In 2006, I started working in social media marketing when things were simple. We only had a small handful of social channels to focus on, they had basic features compared to today, and nobody asked difficult questions about ROI. Life was peachy.

A decade later, things have changed. Social media has become a staple of the marketing mix, and while this has brought greater investment, that comes with greater accountability, so we’ve had to get better at measurement and reporting. Businesses which own consumer brands, particularly those operating in international markets, can quite easily find themselves with dozens, even hundreds, of social channels to manage.

We’re also dealing with a constantly evolving landscape, with new platforms emerging all the time and the old stalwarts continually adding new features. Third party tools that were supposed to help simplify social media management have themselves grown more complex; there are so many now that it’s difficult to know what you actually need, and which ones are any good.

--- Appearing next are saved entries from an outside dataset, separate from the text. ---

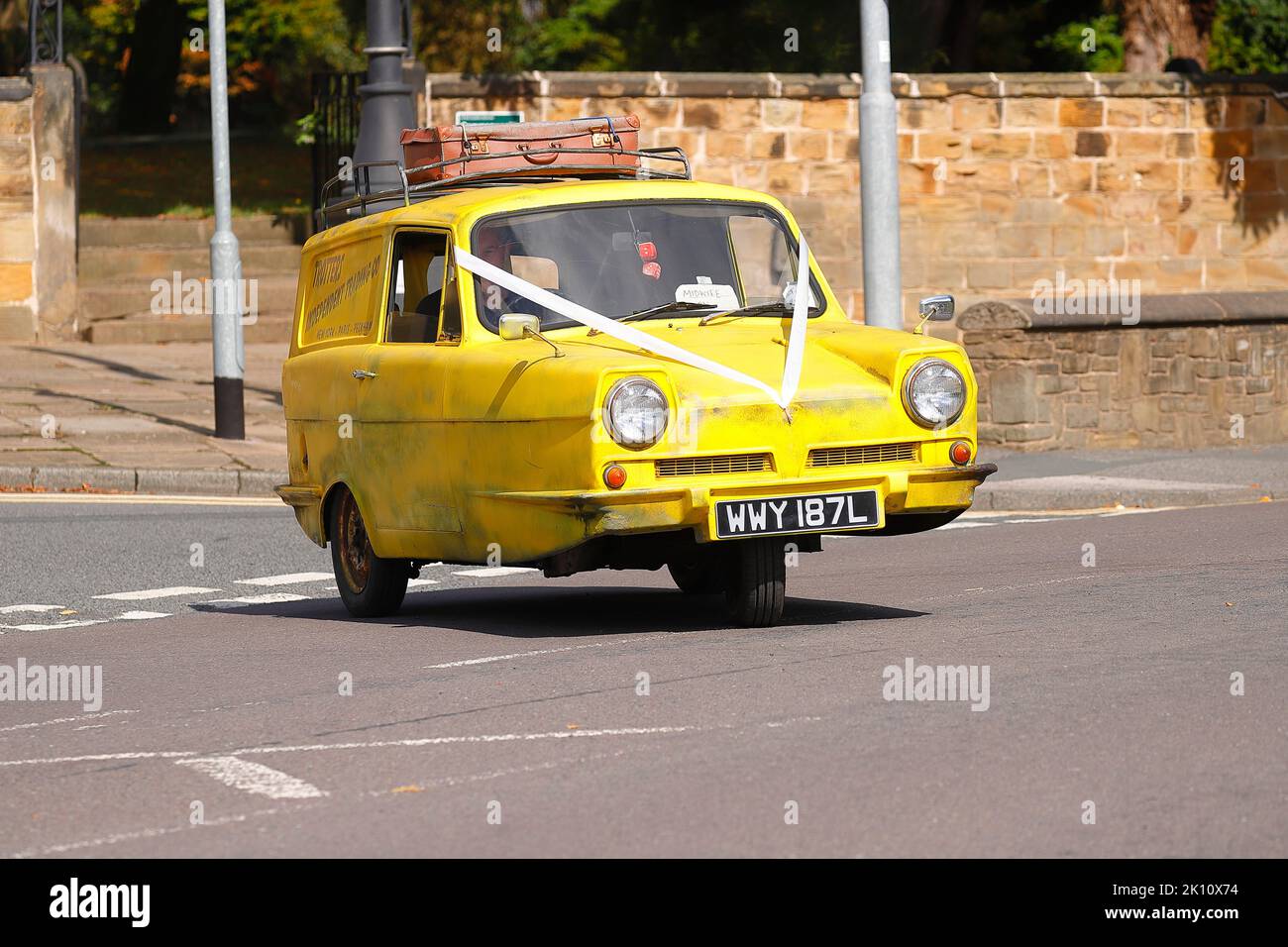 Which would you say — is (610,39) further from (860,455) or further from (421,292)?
(860,455)

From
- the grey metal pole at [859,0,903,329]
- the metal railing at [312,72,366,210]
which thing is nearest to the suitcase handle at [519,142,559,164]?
the grey metal pole at [859,0,903,329]

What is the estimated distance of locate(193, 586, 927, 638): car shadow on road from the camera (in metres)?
9.22

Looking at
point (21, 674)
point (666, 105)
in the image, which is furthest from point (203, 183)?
point (21, 674)

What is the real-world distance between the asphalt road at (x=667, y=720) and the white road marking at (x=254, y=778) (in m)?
0.01

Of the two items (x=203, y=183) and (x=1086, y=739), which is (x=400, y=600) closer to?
(x=1086, y=739)

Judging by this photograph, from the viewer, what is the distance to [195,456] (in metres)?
17.5

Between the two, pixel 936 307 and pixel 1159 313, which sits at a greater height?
pixel 936 307

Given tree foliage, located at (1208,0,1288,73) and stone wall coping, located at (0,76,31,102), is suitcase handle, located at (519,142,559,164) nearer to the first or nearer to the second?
stone wall coping, located at (0,76,31,102)

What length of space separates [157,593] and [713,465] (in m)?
4.18

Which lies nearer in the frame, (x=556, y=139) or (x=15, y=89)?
(x=556, y=139)

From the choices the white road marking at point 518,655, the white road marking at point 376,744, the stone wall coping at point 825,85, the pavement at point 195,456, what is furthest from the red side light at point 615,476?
the stone wall coping at point 825,85

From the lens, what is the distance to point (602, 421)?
26.7ft

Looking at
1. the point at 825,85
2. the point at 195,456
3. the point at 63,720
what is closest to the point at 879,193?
the point at 195,456

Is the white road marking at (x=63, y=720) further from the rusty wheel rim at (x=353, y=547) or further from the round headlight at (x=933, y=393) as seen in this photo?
the round headlight at (x=933, y=393) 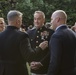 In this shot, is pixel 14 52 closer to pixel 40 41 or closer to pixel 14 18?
pixel 14 18

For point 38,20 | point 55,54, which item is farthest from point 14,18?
point 38,20

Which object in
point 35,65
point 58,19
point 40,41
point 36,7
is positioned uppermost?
point 58,19

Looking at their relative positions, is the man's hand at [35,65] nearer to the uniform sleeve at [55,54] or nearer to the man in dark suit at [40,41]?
the man in dark suit at [40,41]

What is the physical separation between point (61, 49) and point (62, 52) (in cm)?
6

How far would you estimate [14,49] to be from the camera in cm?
523

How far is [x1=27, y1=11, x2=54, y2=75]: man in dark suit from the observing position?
6145mm

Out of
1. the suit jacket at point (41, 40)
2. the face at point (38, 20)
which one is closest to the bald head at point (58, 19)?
the suit jacket at point (41, 40)

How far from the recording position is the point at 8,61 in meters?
5.32

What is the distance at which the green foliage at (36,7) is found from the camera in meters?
23.2

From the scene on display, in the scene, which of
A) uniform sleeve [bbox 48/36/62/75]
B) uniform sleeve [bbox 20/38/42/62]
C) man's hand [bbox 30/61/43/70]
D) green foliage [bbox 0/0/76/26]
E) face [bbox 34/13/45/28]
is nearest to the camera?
uniform sleeve [bbox 48/36/62/75]

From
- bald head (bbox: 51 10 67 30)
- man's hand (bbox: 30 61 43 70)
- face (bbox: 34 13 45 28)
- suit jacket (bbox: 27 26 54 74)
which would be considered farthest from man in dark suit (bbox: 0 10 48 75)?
face (bbox: 34 13 45 28)

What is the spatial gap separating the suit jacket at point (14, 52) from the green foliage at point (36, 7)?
17202 mm

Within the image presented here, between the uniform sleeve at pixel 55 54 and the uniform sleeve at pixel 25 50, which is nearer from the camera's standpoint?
the uniform sleeve at pixel 55 54

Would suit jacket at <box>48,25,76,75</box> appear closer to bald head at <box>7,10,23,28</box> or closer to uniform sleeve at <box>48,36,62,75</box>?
uniform sleeve at <box>48,36,62,75</box> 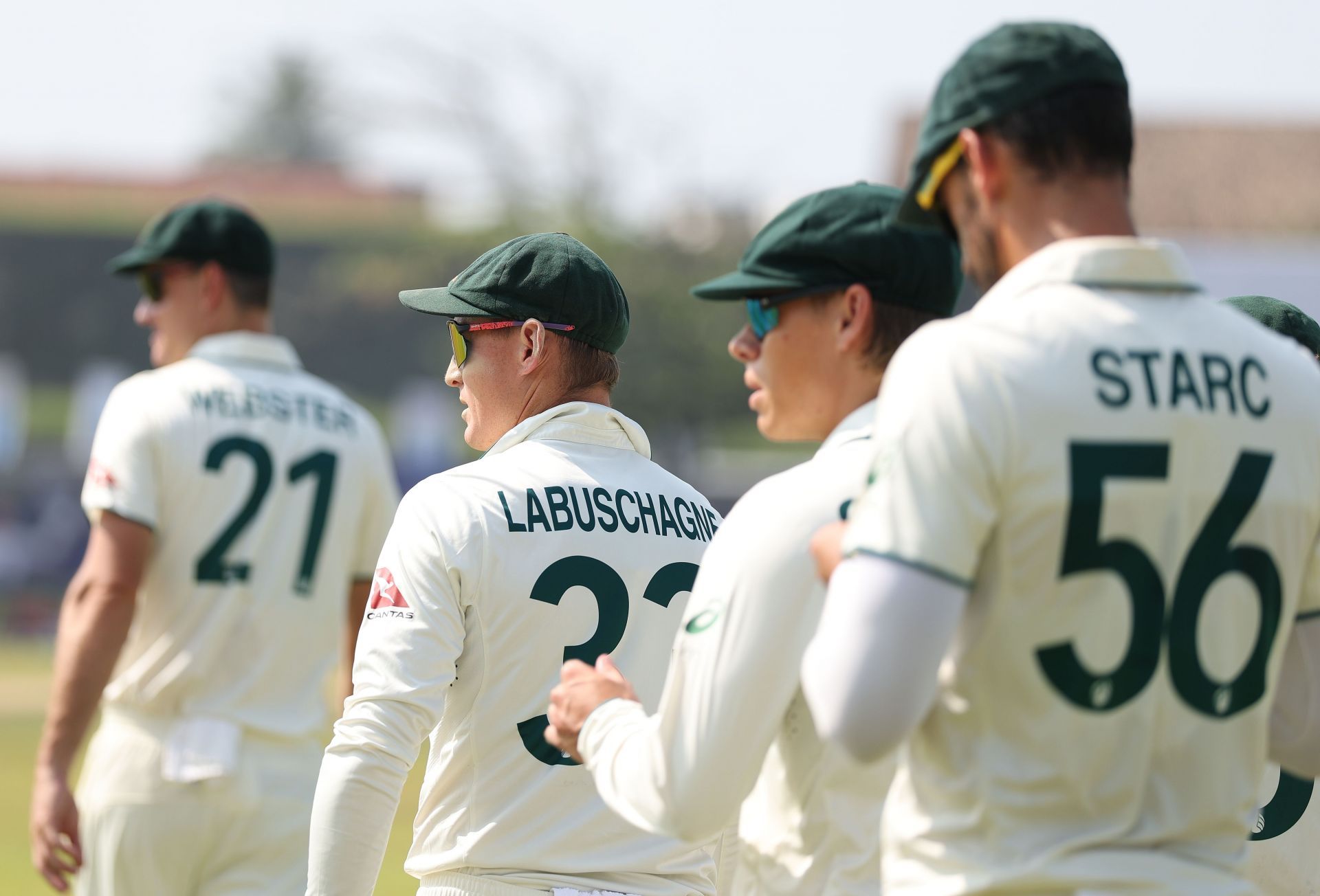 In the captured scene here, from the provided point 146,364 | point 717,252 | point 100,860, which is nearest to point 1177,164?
point 717,252

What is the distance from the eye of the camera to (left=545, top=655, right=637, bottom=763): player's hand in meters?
2.48

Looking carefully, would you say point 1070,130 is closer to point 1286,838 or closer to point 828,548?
point 828,548

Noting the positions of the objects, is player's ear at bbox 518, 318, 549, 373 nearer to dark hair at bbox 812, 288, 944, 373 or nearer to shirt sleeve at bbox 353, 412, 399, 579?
dark hair at bbox 812, 288, 944, 373

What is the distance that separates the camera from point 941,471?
78.4 inches

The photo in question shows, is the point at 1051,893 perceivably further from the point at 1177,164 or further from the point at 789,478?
the point at 1177,164

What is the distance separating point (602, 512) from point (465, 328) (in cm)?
53

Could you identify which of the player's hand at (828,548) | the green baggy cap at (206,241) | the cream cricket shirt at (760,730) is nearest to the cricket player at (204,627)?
the green baggy cap at (206,241)

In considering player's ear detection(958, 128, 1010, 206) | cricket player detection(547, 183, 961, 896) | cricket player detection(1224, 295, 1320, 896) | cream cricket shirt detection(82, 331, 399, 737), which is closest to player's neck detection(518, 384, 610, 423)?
cricket player detection(547, 183, 961, 896)

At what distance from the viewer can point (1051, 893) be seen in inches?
80.4

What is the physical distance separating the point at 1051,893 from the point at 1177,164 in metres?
42.9

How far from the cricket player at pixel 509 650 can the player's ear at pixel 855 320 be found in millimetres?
792

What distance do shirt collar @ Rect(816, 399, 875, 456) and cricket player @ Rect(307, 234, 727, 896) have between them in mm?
730

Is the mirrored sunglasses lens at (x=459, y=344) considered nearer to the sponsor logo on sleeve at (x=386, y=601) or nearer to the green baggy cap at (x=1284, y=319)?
the sponsor logo on sleeve at (x=386, y=601)

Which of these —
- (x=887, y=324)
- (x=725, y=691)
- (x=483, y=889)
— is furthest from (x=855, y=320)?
(x=483, y=889) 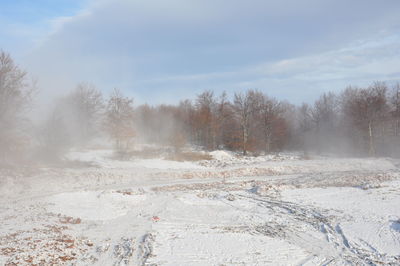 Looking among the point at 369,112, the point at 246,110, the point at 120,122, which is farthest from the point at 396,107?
the point at 120,122

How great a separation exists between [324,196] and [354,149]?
132ft

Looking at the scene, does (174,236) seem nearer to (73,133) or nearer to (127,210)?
(127,210)

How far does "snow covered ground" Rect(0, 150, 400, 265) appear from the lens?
11.0 metres

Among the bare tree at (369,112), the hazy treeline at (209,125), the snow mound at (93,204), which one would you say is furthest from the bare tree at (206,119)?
the snow mound at (93,204)

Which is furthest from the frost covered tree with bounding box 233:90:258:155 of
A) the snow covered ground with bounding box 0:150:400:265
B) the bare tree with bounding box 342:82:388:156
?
the snow covered ground with bounding box 0:150:400:265

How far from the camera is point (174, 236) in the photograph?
521 inches

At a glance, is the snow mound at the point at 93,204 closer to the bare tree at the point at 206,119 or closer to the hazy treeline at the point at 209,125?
the hazy treeline at the point at 209,125

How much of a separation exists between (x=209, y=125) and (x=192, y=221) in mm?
47140

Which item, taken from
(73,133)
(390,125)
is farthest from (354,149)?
(73,133)

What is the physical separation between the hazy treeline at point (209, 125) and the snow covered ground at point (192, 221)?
8.38 m

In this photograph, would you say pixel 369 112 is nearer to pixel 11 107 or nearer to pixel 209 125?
pixel 209 125

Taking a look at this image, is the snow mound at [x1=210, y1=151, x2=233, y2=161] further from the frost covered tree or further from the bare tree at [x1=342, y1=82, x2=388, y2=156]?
the bare tree at [x1=342, y1=82, x2=388, y2=156]

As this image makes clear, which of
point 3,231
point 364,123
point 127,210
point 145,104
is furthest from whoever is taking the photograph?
point 145,104

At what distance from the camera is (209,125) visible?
62.7 meters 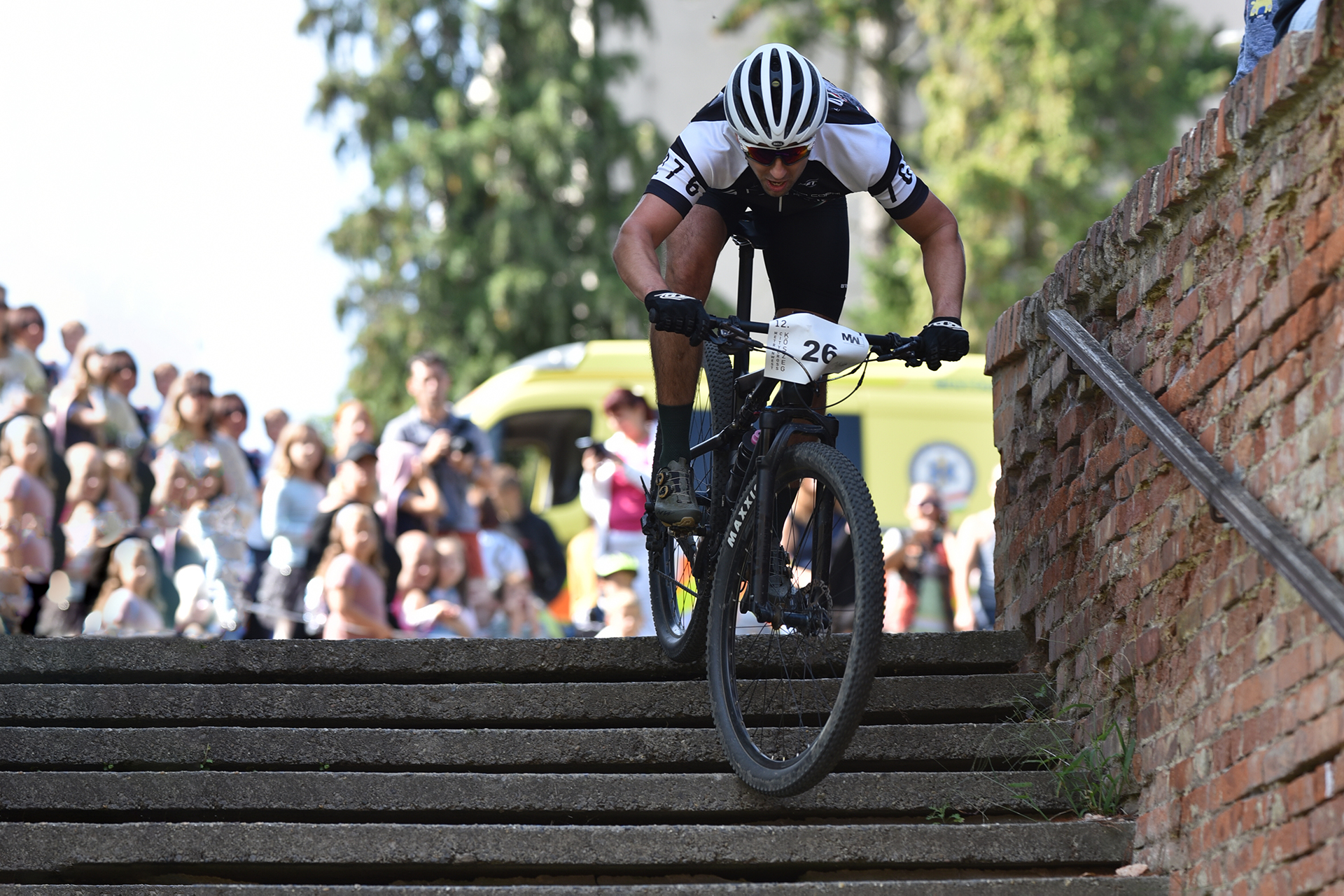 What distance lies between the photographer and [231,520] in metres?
9.90

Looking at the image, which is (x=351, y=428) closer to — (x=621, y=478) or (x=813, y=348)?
(x=621, y=478)

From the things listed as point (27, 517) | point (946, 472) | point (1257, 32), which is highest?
point (946, 472)

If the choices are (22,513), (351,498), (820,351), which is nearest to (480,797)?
(820,351)

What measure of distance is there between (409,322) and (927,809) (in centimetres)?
2119

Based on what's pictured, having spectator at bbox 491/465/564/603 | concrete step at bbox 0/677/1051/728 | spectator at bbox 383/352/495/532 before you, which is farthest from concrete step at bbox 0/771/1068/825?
spectator at bbox 491/465/564/603

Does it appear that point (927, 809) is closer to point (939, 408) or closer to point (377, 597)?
point (377, 597)

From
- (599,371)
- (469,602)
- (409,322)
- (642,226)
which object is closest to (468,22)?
(409,322)

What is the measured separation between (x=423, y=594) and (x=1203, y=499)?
19.4 ft

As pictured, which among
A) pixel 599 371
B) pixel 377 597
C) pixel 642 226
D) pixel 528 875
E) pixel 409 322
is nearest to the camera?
pixel 528 875

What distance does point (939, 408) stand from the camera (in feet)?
45.3

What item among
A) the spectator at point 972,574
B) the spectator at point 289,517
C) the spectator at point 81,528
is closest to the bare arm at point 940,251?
the spectator at point 289,517

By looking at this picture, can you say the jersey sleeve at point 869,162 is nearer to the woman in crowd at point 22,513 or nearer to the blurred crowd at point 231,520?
the blurred crowd at point 231,520

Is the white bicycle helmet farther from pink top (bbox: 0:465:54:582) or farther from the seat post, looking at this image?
pink top (bbox: 0:465:54:582)

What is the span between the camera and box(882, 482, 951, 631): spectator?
1125cm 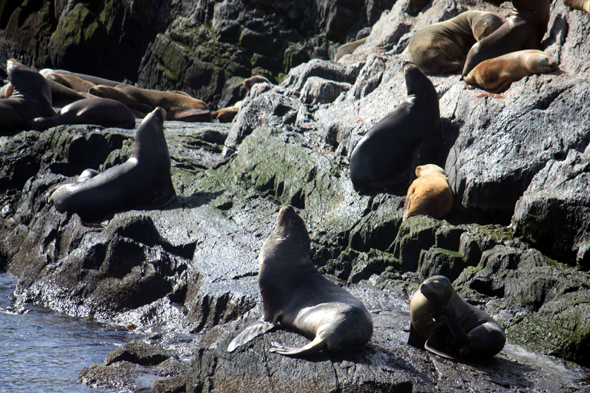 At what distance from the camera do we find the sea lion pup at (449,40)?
29.6 ft

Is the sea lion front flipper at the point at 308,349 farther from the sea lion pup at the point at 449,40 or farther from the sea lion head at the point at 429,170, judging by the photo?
the sea lion pup at the point at 449,40

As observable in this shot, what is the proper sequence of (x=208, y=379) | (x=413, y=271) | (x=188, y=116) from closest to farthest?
(x=208, y=379) → (x=413, y=271) → (x=188, y=116)

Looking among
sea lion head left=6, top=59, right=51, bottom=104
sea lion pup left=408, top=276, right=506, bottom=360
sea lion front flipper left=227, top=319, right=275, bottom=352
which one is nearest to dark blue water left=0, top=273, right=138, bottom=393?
sea lion front flipper left=227, top=319, right=275, bottom=352

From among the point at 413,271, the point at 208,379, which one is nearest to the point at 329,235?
the point at 413,271

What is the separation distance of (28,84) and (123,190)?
5.23 metres

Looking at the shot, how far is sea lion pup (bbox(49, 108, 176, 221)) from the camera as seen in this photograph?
323 inches

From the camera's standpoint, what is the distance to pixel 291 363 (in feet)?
11.7

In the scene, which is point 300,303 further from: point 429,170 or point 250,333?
point 429,170

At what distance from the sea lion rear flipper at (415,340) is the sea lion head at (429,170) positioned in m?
3.37

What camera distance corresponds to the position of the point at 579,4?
7.30 m

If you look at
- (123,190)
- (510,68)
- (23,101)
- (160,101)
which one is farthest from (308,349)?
(160,101)

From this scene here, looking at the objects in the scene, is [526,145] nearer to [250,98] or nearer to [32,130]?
[250,98]

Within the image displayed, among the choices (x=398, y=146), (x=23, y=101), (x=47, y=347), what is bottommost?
(x=47, y=347)

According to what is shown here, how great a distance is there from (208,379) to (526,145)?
15.5 feet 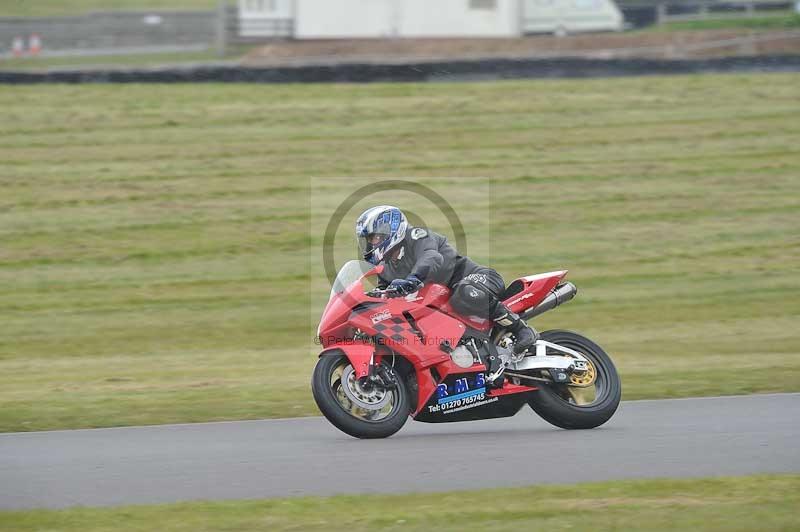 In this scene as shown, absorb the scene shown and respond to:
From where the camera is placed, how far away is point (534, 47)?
31.7m

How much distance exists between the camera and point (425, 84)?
929 inches

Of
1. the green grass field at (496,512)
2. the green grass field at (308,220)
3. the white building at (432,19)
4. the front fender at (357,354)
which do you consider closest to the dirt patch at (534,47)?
the white building at (432,19)

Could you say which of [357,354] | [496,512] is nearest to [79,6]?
[357,354]

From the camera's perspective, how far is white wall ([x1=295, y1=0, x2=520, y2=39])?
3500cm

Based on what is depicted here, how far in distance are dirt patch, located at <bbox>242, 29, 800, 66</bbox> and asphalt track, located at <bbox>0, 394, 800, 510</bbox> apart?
73.8ft

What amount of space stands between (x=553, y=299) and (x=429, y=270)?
3.73 ft

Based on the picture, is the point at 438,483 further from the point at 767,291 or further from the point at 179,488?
the point at 767,291

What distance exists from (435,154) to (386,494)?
46.4 ft

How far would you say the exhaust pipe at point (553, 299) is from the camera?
8648 mm

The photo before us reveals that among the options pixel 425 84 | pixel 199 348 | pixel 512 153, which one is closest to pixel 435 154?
pixel 512 153

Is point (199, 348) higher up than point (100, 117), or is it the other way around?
point (100, 117)

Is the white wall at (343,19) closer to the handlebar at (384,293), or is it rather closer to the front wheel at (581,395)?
the front wheel at (581,395)

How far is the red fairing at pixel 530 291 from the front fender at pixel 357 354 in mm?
1195

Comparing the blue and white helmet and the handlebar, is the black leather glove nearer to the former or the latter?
the handlebar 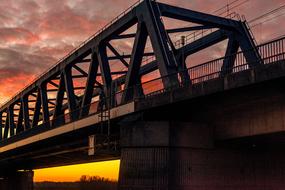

So, social media took over the marketing world, but it created a lot of complexity. How do we begin to solve that problem?

Map out your organisation’s requirements

In many businesses, the social media footprint has grown organically over several years, with little forward planning. A good first step towards taming the beast is to map out in detail how social media fits into your business:

  • Which social channels does your business need a presence on? If your business is international, what does this look like in different markets?
  • Which teams need access to which channels? Internal departments and external agencies.
  • What levels of access do all of those people need? Publishing (paid and/or organic), moderation, analytics, full admin?
  • Which service levels will be put in place? How frequently will channels be updated, how quickly will you respond to customer enquiries on social, how long should it take for inappropriate user comments to be moderated?
  • Who will be accountable for all of this? What reporting lines need to be put in place?
  • What resourcing will be required, where will it come from?
This should not be a back-of-a-beermat exercise, but a deep and searching analysis of your organisation’s social media requirements, with input from everybody it touches upon. What you should have now is a map of “your perfect world” scenario. The hard part is implementing this plan, which will require compromise and pragmatism, but at least now you know what you’re aiming for.
 
Admit that your social media reports are most probably useless
 
You’re probably getting a mixed bag of reports from the various people managing your social channel. Spreadsheets full of meaningless numbers, PowerPoint slides full of cut and paste charts, no consistency, no insight, no value. Most of them probably aren’t even getting read.
 
Data without insight is pointless. Make somebody in your organisation the Chief Insight Hunter, give them direct access to all your social media data sources and make them responsible for:
 
  • Implementing consistent reporting across all social channels, brands and markets, so that you’re comparing apples with apples.
  • Turning the data into actionable insight, so that every report has real business value.
The goal here is to cut down on the number of social media reports floating around the business and instead distill them down to only what is useful. If a report doesn’t provide information that your business can act upon, why waste time creating it?
 
End tool-sprawl
 
As businesses have adopted social media, they’ve also brought in third party tools to help them manage it, and this is often a messy process with different departments and agencies buying tools ad hoc. This results in a messy sprawl of overlapping tools with all of the inefficiencies that come from working with multiple suppliers.
 
To streamline your toolset, and reduce the number of suppliers you need to work with, first think about five main types of social media activity:
 
  • Listening – tracking discussions about your brand.
  • Curation – collecting relevant social content.
  • Engagement – talking to people through your channels.
  • Publishing – both paid and organic social posts.
  • Analysis – investigating the data to find insight.
First of all, map out who in your organisation needs to do each of these tasks, because not everybody will need all of them. For example, the ability to publish is most likely to be limited specifically to marketing communications staff, whereas customer service, human resources, and others might need engagement tools.
 
Once you know what capabilities are needed by different teams across the organisation, and their specific requirements, you can then start identifying best of breed tools which provide each of those capabilities. By approaching things in this way, you’ll find you can significantly reduce the number of social media tools your business currently uses. And if you choose the right supplier, you could even reduce the number of tools to just one.